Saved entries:
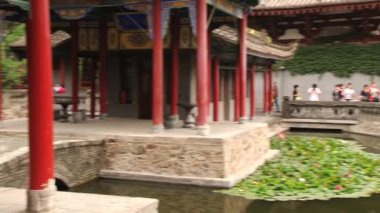 Xian, Çin'Huaqing Kaplıcalar turist ziyaret.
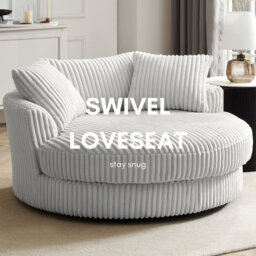 Skyler Upholstered Swivel Armchair
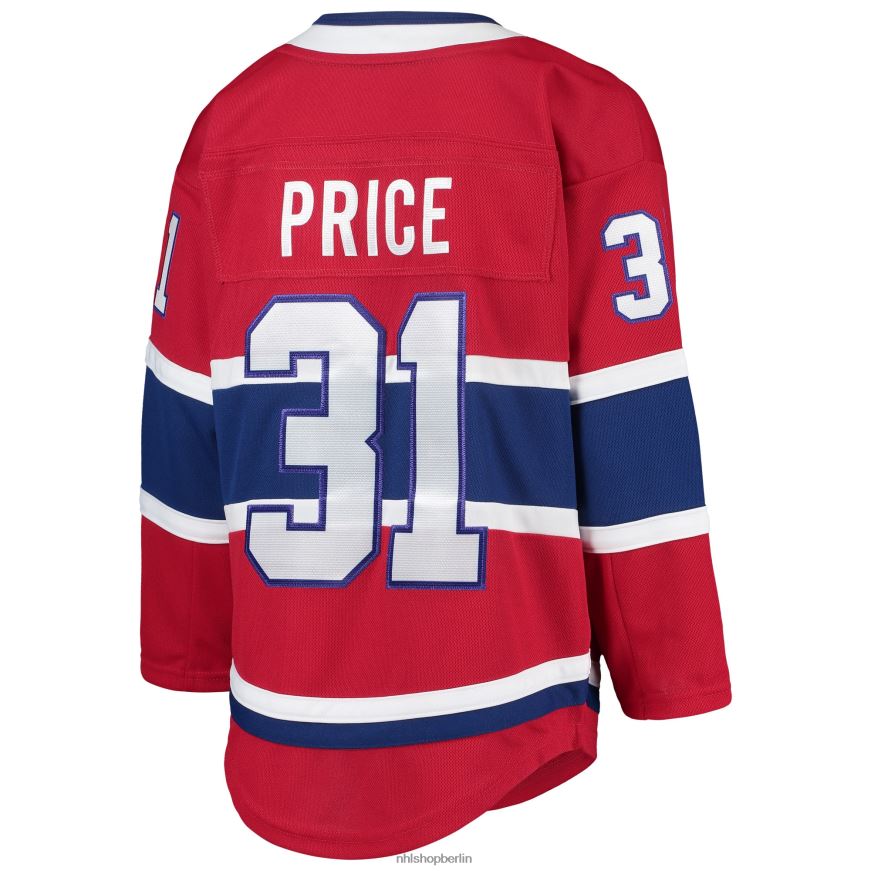 Jugend NHL Rotes Premier-Spieler-Trikot der Montreal Canadiens Carey Price Kleidung BF680T449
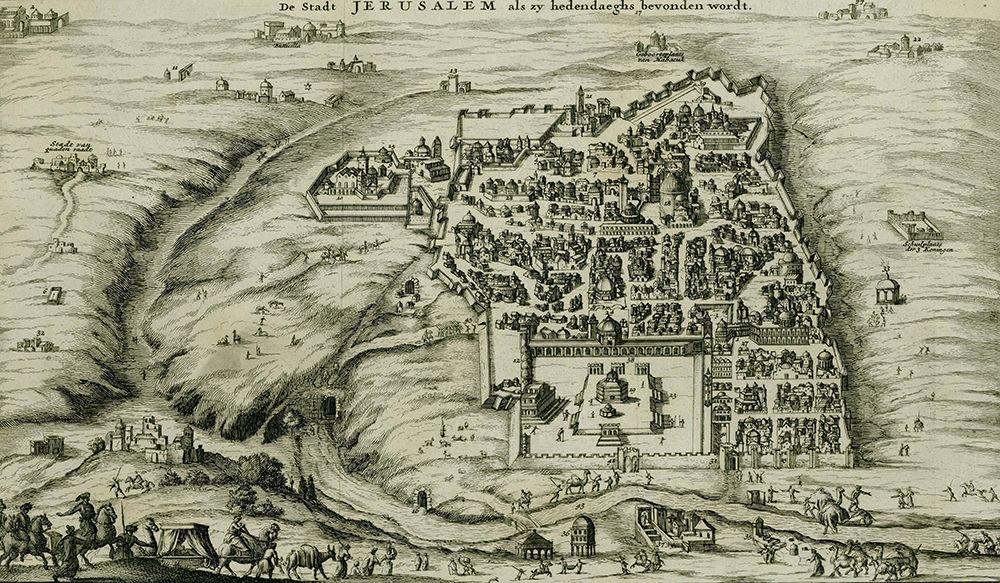 Antique Map of Jerusalem
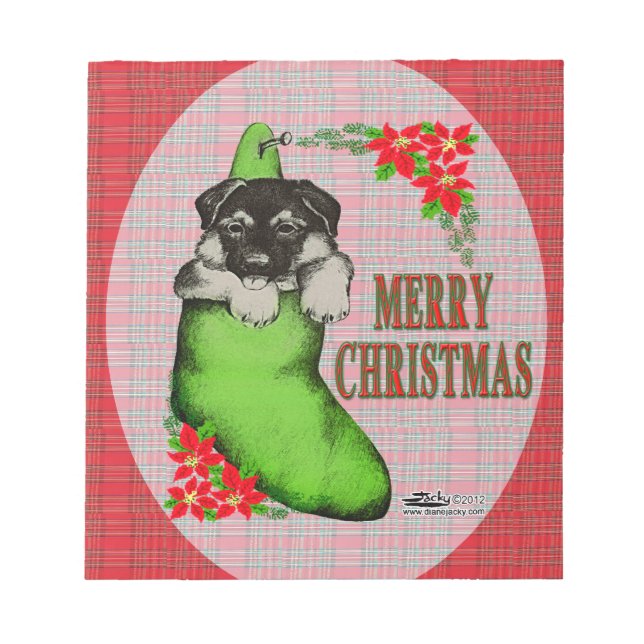 Bloc-note Puppy de Merry Christmas (Devant)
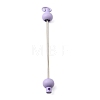 Plastic Beadable Keychain Bar for Jewelry Making DIY Crafts AJEW-C040-01A-1-1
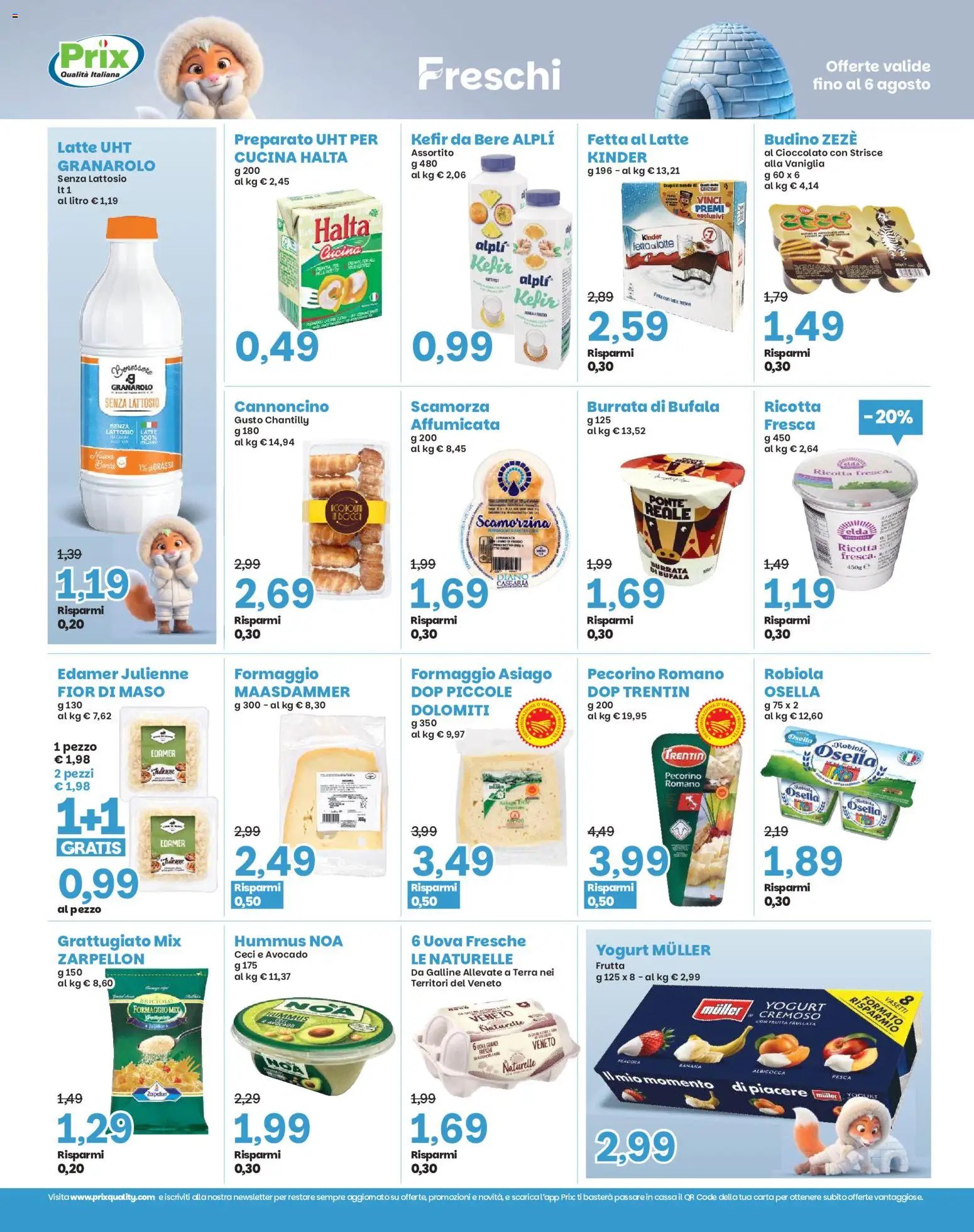 Prix volantino Vo'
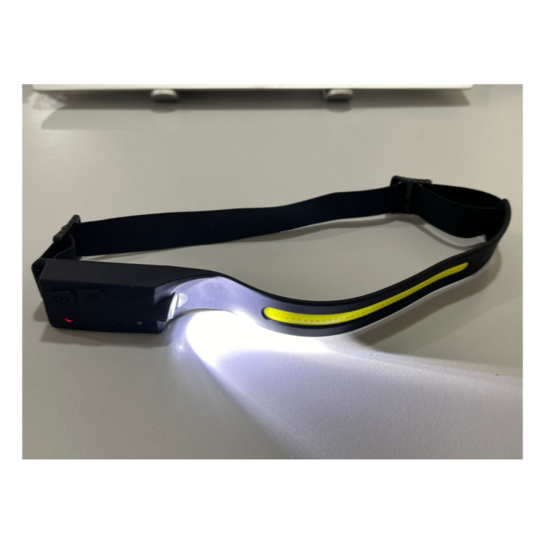 LED Rechargeable Head Lamp (Double) with Motion Sensor
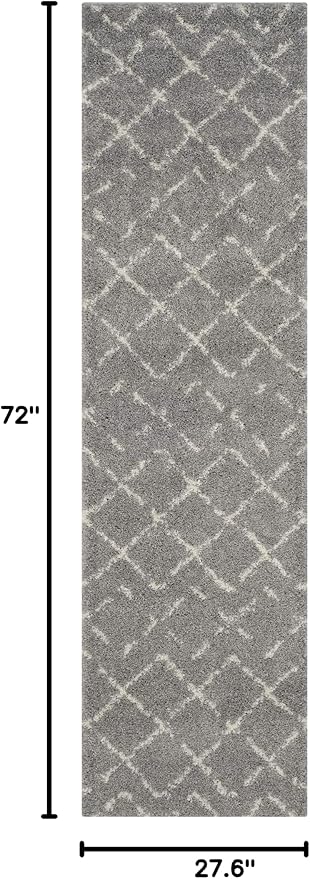 SAFAVIEH Arizona Shag Collection Runner Rug - Image 2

__WHAT IS REQUIRED__: Copy every line above exactly, leaving no picture in the copy.

__EXERCISE ANSWER__:
 Xian, Çin'Huaqing Kaplıcalar turist ziyaret.
 Skyler Upholstered Swivel Armchair
 Jugend NHL Rotes Premier-Spieler-Trikot der Montreal Canadiens Carey Price Kleidung BF680T449
 Antique Map of Jerusalem
 Bloc-note Puppy de Merry Christmas (Devant)
 Plastic Beadable Keychain Bar for Jewelry Making DIY Crafts AJEW-C040-01A-1-1
 Prix volantino Vo'
 LED Rechargeable Head Lamp (Double) with Motion Sensor
 SAFAVIEH Arizona Shag Collection Runner Rug - Image 2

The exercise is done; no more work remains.